PDA

View Full Version : Solved: Align Data



Carpiem
11-18-2006, 11:50 PM
Please take a look at the "align Data" attachment. There is no code in the file. it simply has data & Tables to provide a visual of my problem.

Namely I copy PDF File data into excel and convert it into a Table used for
calculations at a later stage. Aligning this data can be very user intensive, because the Source PDF Files always have a number of rows or lines that aren't text wrapped properly.

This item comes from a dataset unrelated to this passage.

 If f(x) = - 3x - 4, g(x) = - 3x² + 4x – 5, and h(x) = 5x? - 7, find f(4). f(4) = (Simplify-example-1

You can imagine the tedium of looking at say 700 lines manually in order
locate and then fix those lines that need to be aligned.
Based on the attached file:

1) Column "A" data was copied from a pdf (acrobat) file containing
lines not wrapped properly.

2) The lines not wrapped properly ( 4 & 5 ) and ( 8 & 9 ) require logic recognizing
which words need to go into which columns? As shown in Table 2.

3) The critical Logic is how to ensure that the Section Lines in Column "C" are not
confused with PartNo Lines in Column "F".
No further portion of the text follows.